Allister’s face flushed with pleasure. It was long before he asked another question.
“Well, as I say,” resumed Kirsty, “the father of her was very angry, and said she should never go and meet Allister again. But the girl said she ought to go once and let him know why she could not come any more; for she had no complaint to make of Allister; and she had agreed to meet him on a certain day the week after; and there was no post-office in those parts. And so she did meet him, and told him all about it. And Allister said nothing much then. But next day he came striding up to the cottage, at dinner-time, with his claymore (gladius major) at one side, his dirk at the other, and his little skene dubh (black knife) in his stocking. And he was grand to see—such a big strong gentleman I And he came striding up to the cottage where the shepherd was sitting at his dinner.

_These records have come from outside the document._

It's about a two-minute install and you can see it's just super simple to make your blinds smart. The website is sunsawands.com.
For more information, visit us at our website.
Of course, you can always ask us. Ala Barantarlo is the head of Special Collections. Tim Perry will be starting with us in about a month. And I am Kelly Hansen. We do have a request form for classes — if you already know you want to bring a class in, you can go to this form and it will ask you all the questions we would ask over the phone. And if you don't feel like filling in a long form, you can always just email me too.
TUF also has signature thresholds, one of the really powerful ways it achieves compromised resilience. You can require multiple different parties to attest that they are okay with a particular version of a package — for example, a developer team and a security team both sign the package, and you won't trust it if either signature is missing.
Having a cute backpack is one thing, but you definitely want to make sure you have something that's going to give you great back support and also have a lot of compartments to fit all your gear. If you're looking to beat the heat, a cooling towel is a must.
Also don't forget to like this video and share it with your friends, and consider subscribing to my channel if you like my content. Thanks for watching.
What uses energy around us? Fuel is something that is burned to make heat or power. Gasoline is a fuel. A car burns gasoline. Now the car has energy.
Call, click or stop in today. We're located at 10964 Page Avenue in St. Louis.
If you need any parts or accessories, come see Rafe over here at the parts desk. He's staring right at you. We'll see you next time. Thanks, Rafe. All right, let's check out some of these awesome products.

“‘Angus MacQueen,’ says he, ‘I understand the kelpie in the pot has been rude to your Nellie. I am going to kill him.’ ‘How will you do that, sir?’ said Angus, quite short, for he was the girl’s father. ‘Here’s a claymore I could put in a peck,’ said Allister, meaning it was such good steel that he could bend it round till the hilt met the point without breaking; ‘and here’s a shield made out of the hide of old Rasay’s black bull; and here’s a dirk made of a foot and a half of an old Andrew Ferrara; and here’s a skene dubh that I’ll drive through your door, Mr. Angus. And so we’re fitted, I hope.’ ‘Not at all,’ said Angus, who as I told you was a wise man and a knowing; ‘not one bit,’ said Angus. ‘The kelpie’s hide is thicker than three bull-hides, and none of your weapons would do more than mark it.’ ‘What am I to do then, Angus, for kill him I will somehow?’ ‘I’ll tell you what to do; but it needs a brave man to do that.’ ‘And do you think I’m not brave enough for that, Angus?’ ‘I know one thing you are not brave enough for.’ ‘And what’s that?’ said Allister, and his face grew red, only he did not want to anger Nelly’s father. ‘You’re not brave enough to marry my girl in the face of the clan,’ said Angus. ‘But you shan’t go on this way. If my Nelly’s good enough to talk to in the glen, she’s good enough to lead into the hall before the ladies and gentlemen.’

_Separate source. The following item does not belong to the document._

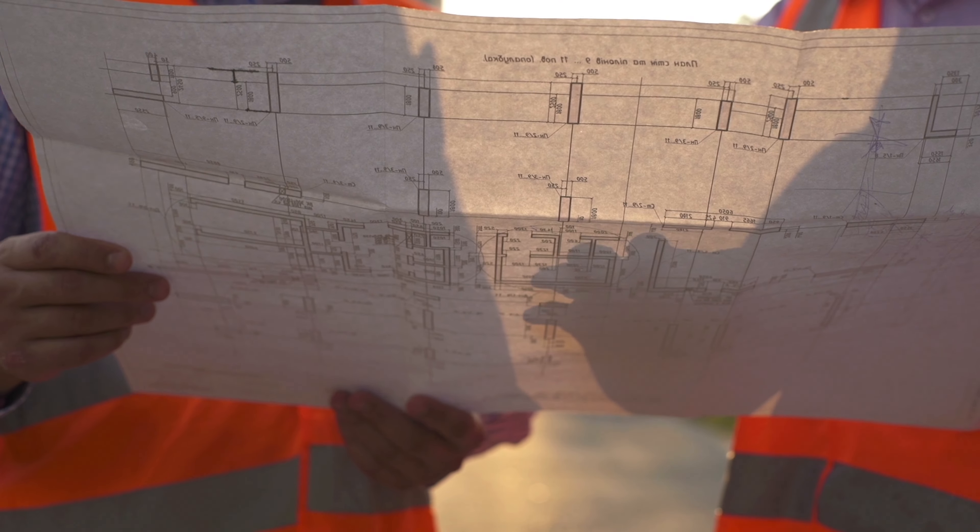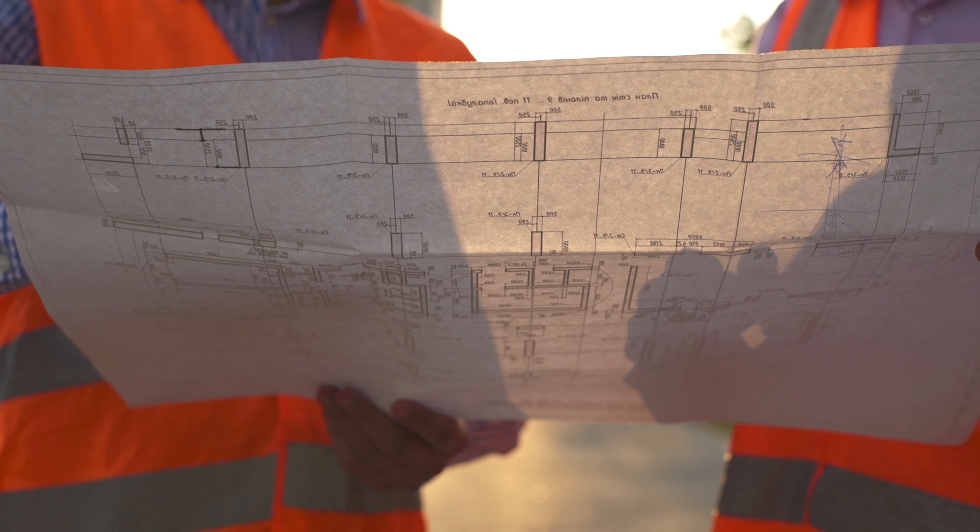The beauty of having a project manager on your project is that he has direct access to all of the internal departments here at FBI, such as design, where we're working through the blueprints and the construction drawings. If a customer has any changes or questions on the layout, the window layout, the doors, or anything, the project manager has direct access to that group.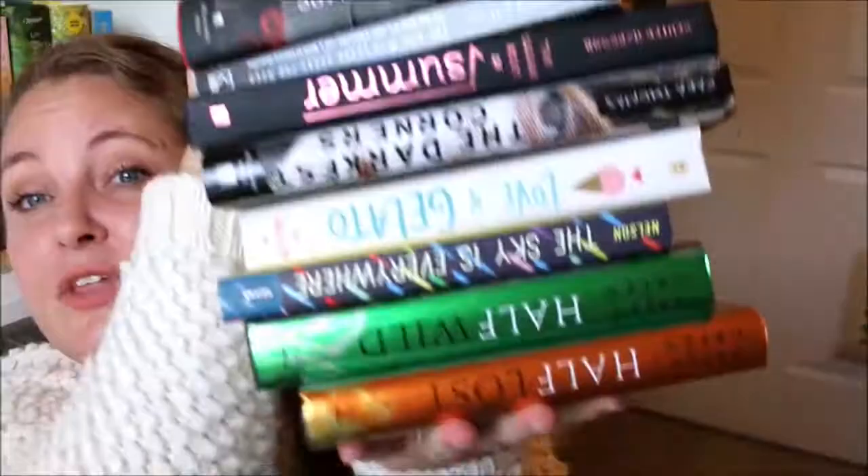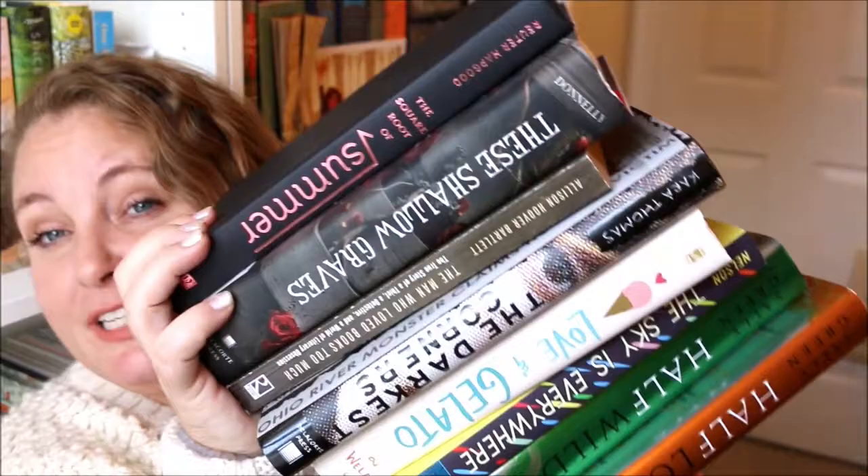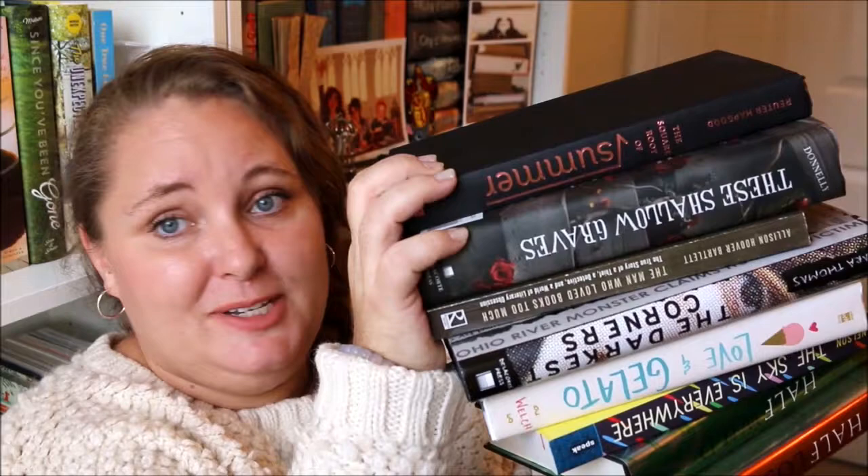These are the books I got on Black Friday from Book Outlet. I'm a little bummed about The Square Root of Summer, but I'm really happy I got all of these books super discounted and I will continue shopping at Book Outlet, especially when they have Black Friday deals like this. That's all I have for you today — I hope you enjoyed, and I'll see you again in my next video. Bye!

“Then Allister’s face grew redder still, but not with anger, and he held down his head before the old man, but only for a few moments. When he lifted it again, it was pale, not with fear but with resolution, for he had made up his mind like a gentleman. ‘Mr. Angus MacQueen,’ he said, ‘will you give me your daughter to be my wife?’ ‘If you kill the kelpie, I will,’ answered Angus; for he knew that the man who could do that would be worthy of his Nelly.”
“But what if the kelpie ate him?” suggested Allister.

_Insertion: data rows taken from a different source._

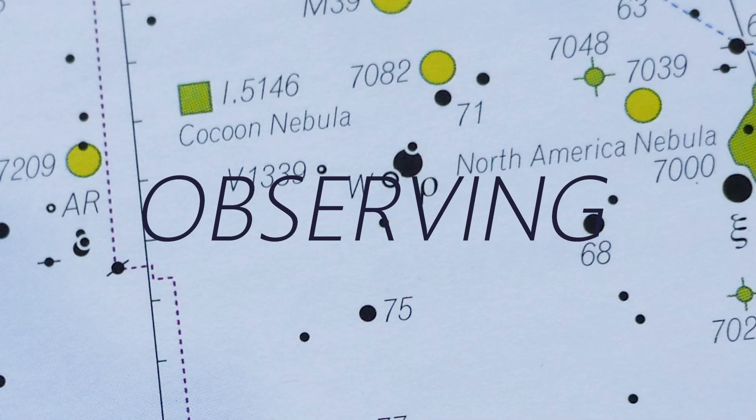Observing this target was really interesting — I'd never observed the Cocoon before. I always associated it with being a photographic target rather than an observing target, so it was the first time I decided to give it a look. It's in a tricky little position for me at my latitude because it's really high up.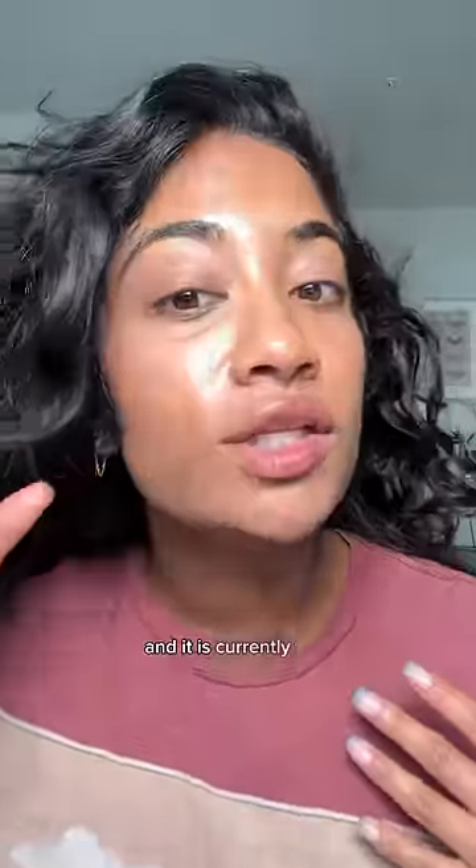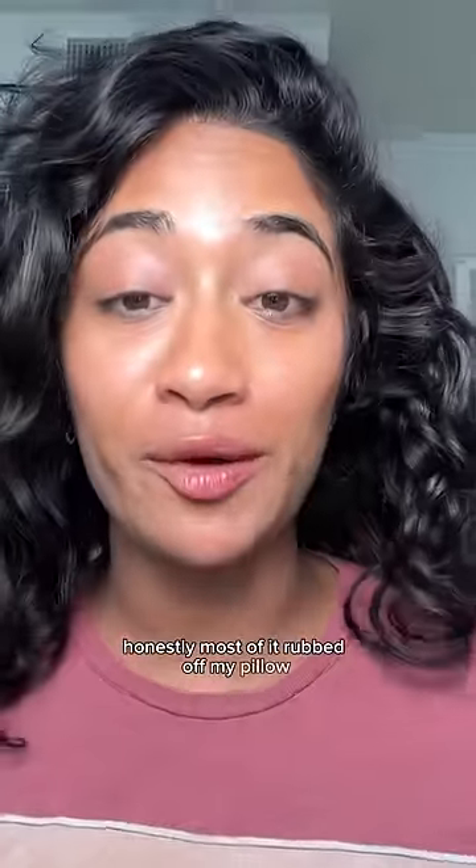This is how we're looking — we'll see you in the morning. And it is currently the morning; this is what my skin is looking like. Honestly, most of it rubbed off on my pillow, but my skin looks pretty good.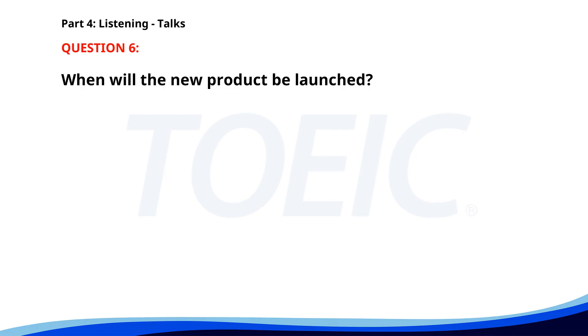Number 6. Our company is launching a new product next month. It's designed to help small businesses manage their finances more effectively. Be sure to visit our website for more information. We will also host webinars to introduce its features. When will the new product be launched? A. Next week. B. Next year. C. Next month. The correct answer is B. Next month.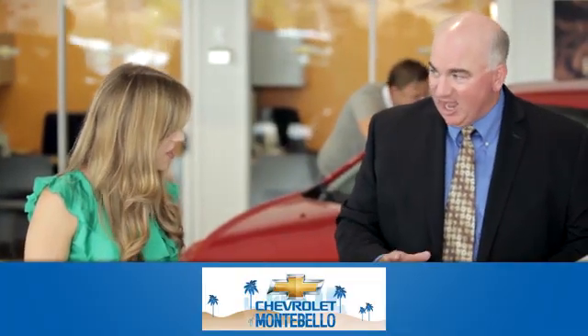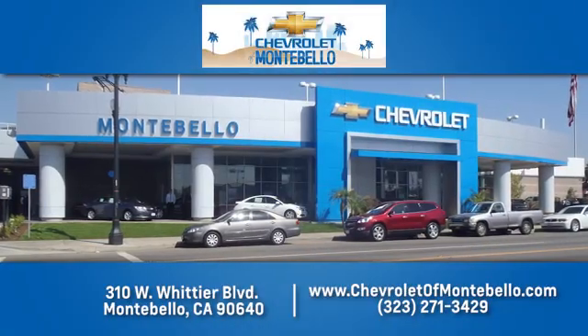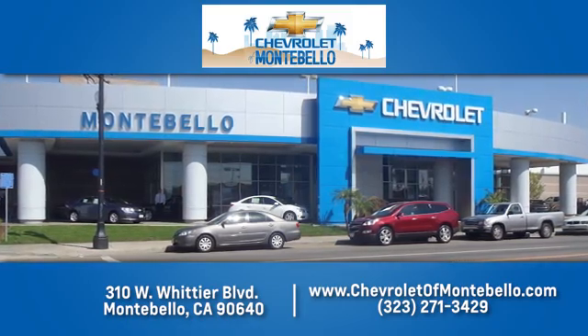At family-owned and operated Chevrolet of Montebello, we have a full line of Chevrolet vehicles. Give us a call or come see us today. We're easy to find at 310 West Whittier Boulevard in Montebello, California.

“Then he’d have to go without the girl,” said Kirsty, coolly. “But,” she resumed, “there’s always some way of doing a difficult thing; and Allister, the gentleman, had Angus, the shepherd, to teach him.
“So Angus took Allister down to the pot, and there they began. They tumbled great stones together, and set them up in two rows at a little distance from each other, making a lane between the rows big enough for the kelpie to walk in. If the kelpie heard them, he could not see them, and they took care to get into the cottage before it was dark, for they could not finish their preparations in one day. And they sat up all night, and saw the huge head of the beast looking in now at one window, now at another, all night long. As soon as the sun was up, they set to work again, and finished the two rows of stones all the way from the pot to the top of the little hill on which the cottage stood. Then they tied a cross of rowan-tree twigs on every stone, so that once the beast was in the avenue of stones he could only get out at the end. And this was Nelly’s part of the job. Next they gathered a quantity of furze and brushwood and peat, and piled it in the end of the avenue next the cottage. Then Angus went and killed a little pig, and dressed it ready for cooking.
“‘Now you go down to my brother Hamish,’ he said to Mr. MacLeod; ‘he’s a carpenter, you know,—and ask him to lend you his longest wimble.’”
“What’s a wimble?” asked little Allister.